As you write your experiences, it’s important to keep in mind what a story is and how it works, how to integrate your personal moments within the fabric of the unfolding of historical events. Learn how to shape a narrative to reflect your individual experience in the context of a time and place. Our personal stories offer important insights to the social and consciousness transformations unique to that time.

During this Roundtable, we will discuss:

  • The difference between vignette and story (short memoir or personal narrative)
  • How to find the intersection between social change (history) and your own experience
  • The dos and don’ts of writing about social legacy: eye witness only, telling only, omitting larger context
  • How to infuse components of effective scene writing with historical meaning

If you are interested in entering contests and submitting your work for publication, find out about the editorial process: what editors look for in stories with social/historical meaning.
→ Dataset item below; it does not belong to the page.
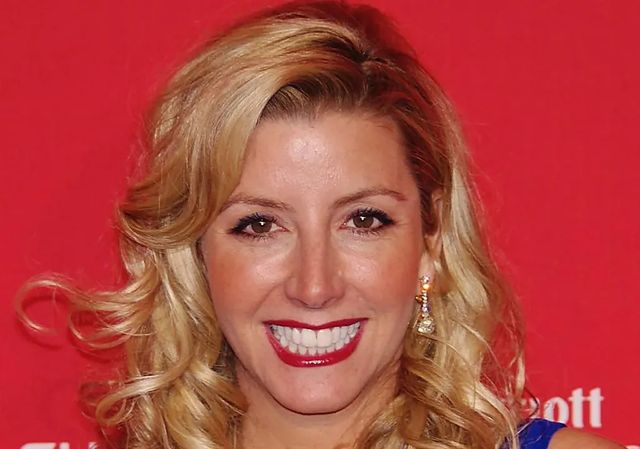 Sara Blakely, la empresaria que pone faja a las estrellas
To learn more about submitting to the anthology, please visit!/TimesTheyWereAChanging

Linda Joy Myers, President of the National Association of Memoir Writers, & Co-President of the Women’s National Book Association, SF, is the author of The Power of Memoir—How to Write Your Healing Story, the prize-winning memoir Don’t Call Me Mother, and a workbook The Journey of Memoir: The Three Stages of Memoir Writing. She co-teaches the program Write your Memoir in Six Months with Brooke Warner. She coaches writers, and offers teleseminars and workshops nationally. Visit her blog on how to write a successful memoir:

Kate Farrell earned a Masters degree from UC-Berkeley; is an author, teacher, librarian, and storyteller and has published numerous educational materials. Kate is the founder of Wisdom Has a Voice memoir project and editor of the anthology, Wisdom Has a Voice: Every Daughter’s Memories of Mother, 2011. She’s a member of the Redwood Branch of the California Writer’s Club, Story Circle Network, the National Association of Memoir Writers, and is Vice-President of the Women’s National Book Association, San Francisco Chapter.
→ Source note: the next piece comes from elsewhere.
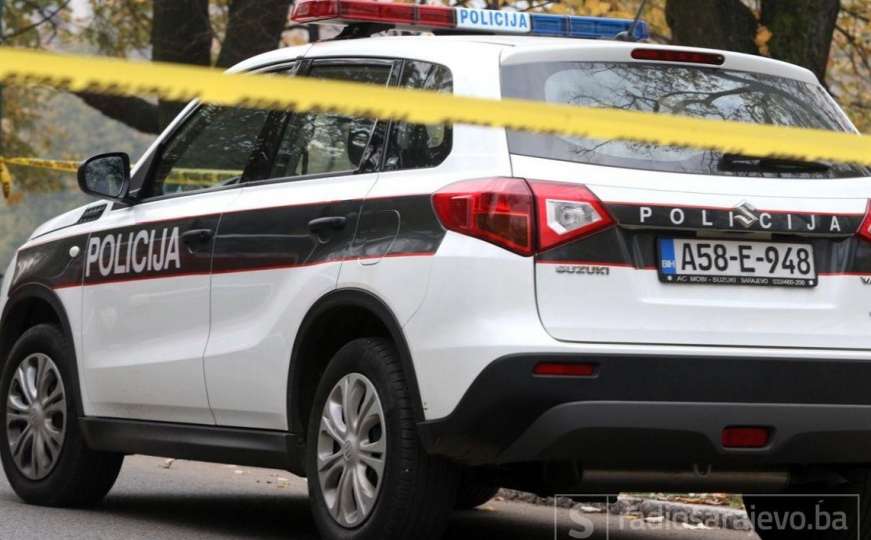 Nesreća na putu Jablanica - Mostar, ima povrijeđenih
Amber Lea Starfire is an author, editor, and teacher whose passion is helping others tell their stories, make meaning of their lives, and access inner wisdom and creativity through the act of writing. Author of Week by Week: A Year’s Worth of Journaling Prompts & Meditations, her work has appeared in Wisdom Has a Voice: Every Daughter’s Memory of Mother, Vintage Voices 2012: Call of the Wild, and literary journals. She earned her MFA in Creative Writing from University of San Francisco, and is a member of the California Writers Club in Santa Rosa (Redwood Writers), the Story Circle Network, National Association of Memoir Writers (NAMW), and International Association for Journal Writing (IAJW). Visit Amber’s website,



  1. Janet Rae-Dupree says:

    How do I participate in the Dec. 6 roundtable?

  2. Debbie Engle says:

    This sounds informative and interesting, but I’ve not participated in one of these before. How do I do that?

    • Hi Debbie, Just sign up in the box on the right side of the website and you will be included to get the phone number a day or so before the teleseminar. See you there!

  3. Pat says:

    Hi Linda Joy,
    I am excited to be a new member of National Writer’s of Memoir Writers!
    All the best,

  4. abby bogomolny says:

    pls sign me up to receive audio link

    fantastic work!!!

    way to go, women!


  5. Shelley Buck says:

    This looks great! Please add me to the list of those virtually attending. Best, Shelley

    Shelley Buck
    Author of Floating Point

  6. Claudette says:

    Would love to have attended, but didn’t receive the invitation until just now. I’m sorry I missed it. I’m sure I could have learned quite a bit about memoir and what it takes to be successful at writing good stories for the genre.

    Perhaps next time. Thank you.


  7. Paula Wagner says:

    What perfect timing – justas I’m starting to write my 60′s story! I look forward to receiving the call-in info.

    LifeWork Stories

  8. Marian Feinberg says:

    Hi. I just found this site and the links to the 60′s and 70′s anthology. Unfortunately, the Dec. 6th Roundtable has passed. Are you planning to make it available? When? How? Hope you will. Thanks.